Examples from Table II:
can -> mug (sim): 18.6s vs 41.0scrackers -> tray (simple): 14.9s vs 32.2scrackers -> tray (medium): 14.9s vs 45.2s
The reason is straightforward: TiPToP executes a planned trajectory directly, while the reactive VLA may spend extra time probing, retrying, or idling.
5. Failure Analysis
This section is one of the paper’s strongest parts.
The authors manually analyzed 173 additional real-world trials and traced failures to specific modules. The dominant categories are:
- grasping failures:
31 / 55failures - scene completion errors:
13 / 55 - VLM errors:
6 / 55 - cuTAMP failures:
5 / 55
The big takeaway is that grasping and execution robustness dominate the remaining error budget.
In other words, the planning stack is already fairly strong. The larger problems are:
- bad grasp proposals
- slip during transport
- mesh approximation errors from partial observation
- lack of visual feedback during execution
This is exactly the kind of conclusion that modular systems make easier to reach.
6. Why the Paper Is Interesting
I think the paper makes three useful arguments.
6.1 Modular systems are still competitive
There is a strong current narrative that large end-to-end policies will absorb everything. TiPToP pushes back with a concrete counterexample: if task structure matters, explicit planning can still be very competitive.

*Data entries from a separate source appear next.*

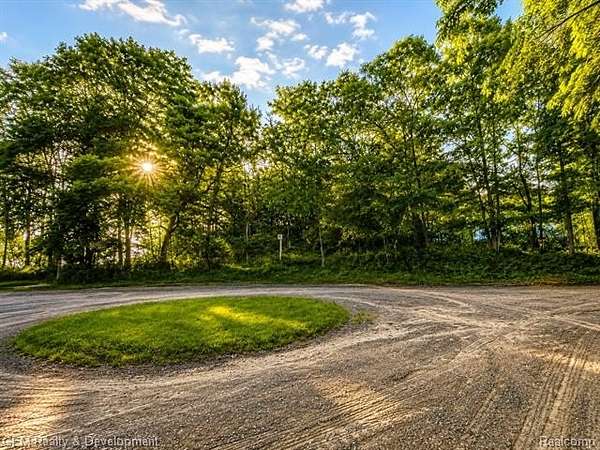 5.53 Acres of Residential Land for Sale in Farmington Hills, Michigan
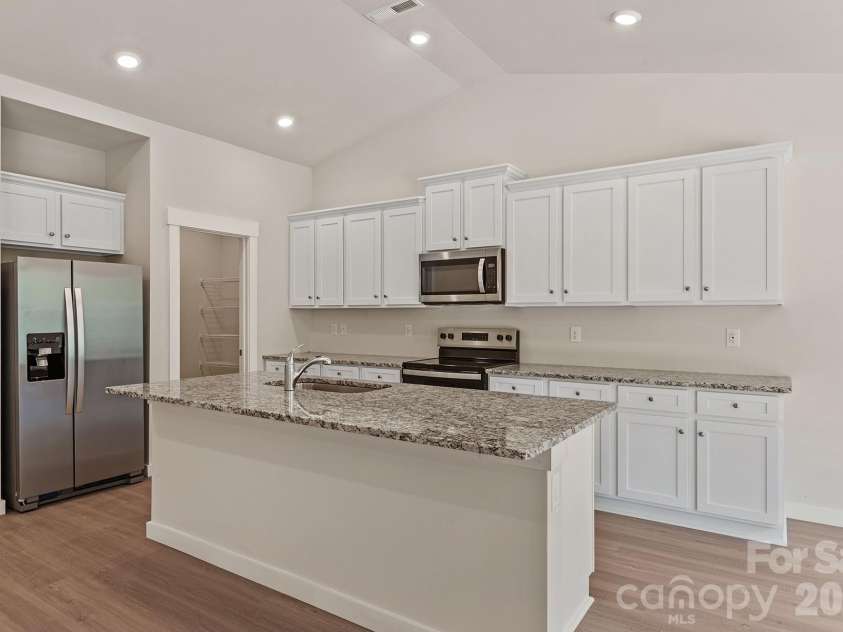 705 Lamorak Place, Richburg, SC 29729.  MLS# CAR4406377, YatesRealty ID 39162. 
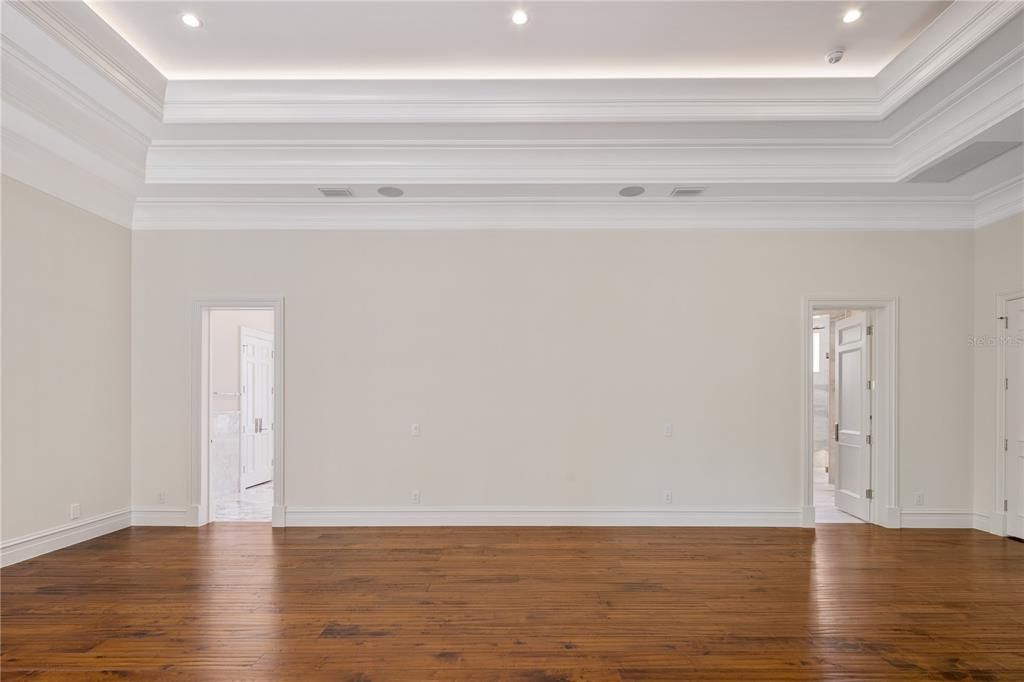 Empty room, Interior, Recessed Lighting, Wood Texture Flooring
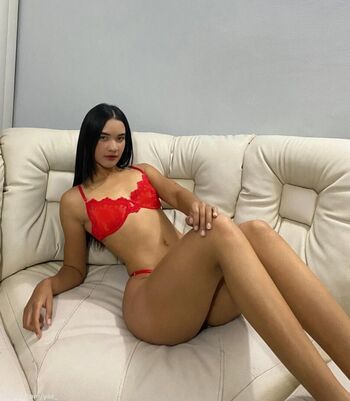 v_yasmilc Leaked Nude OnlyFans (Photo 1)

6.2 Better debugging is a real research advantage
Because the system is decomposed, the authors can identify whether failures come from:
- perception
- mesh completion
- grasp generation
- planning
- execution
That is much more actionable than simply reporting a task-level failure rate.
6.3 Cross-embodiment deployment matters
The authors also show deployment on UR5e and WidowX AI. This is important because many robotics systems look strong only inside one tightly controlled stack. TiPToP argues for a reusable interface between perception, planning, and embodiment-specific execution.
7. Limitations
The paper is strong, but the limitations are substantial and worth keeping in view.
- Open-loop execution is the biggest weakness. Many failures could likely be recovered with re-perception and re-planning.
- Single-view perception limits object visibility and mesh quality.
- Convex hull geometry is too crude for concave objects and can distort collision reasoning.
- The system still depends on a fairly heavyweight collection of external foundation models.
- Some extensions, especially to richer manipulation skills, will require more abstract action models and more robust low-level controllers.
8. Takeaways
My main takeaway is that TiPToP is not just a manipulation system, but a strong argument for bringing planning back into the modern foundation-model robotics stack.
The paper shows that a system can be:
- open-vocabulary
- data-efficient
- interpretable
- fairly portable across robots
without giving up strong performance on long-horizon tabletop manipulation.
If I had to summarize the paper in one sentence, it would be:
foundation models are now good enough that explicit planning becomes attractive again, because perception can finally provide the semantic and geometric abstractions that planners need.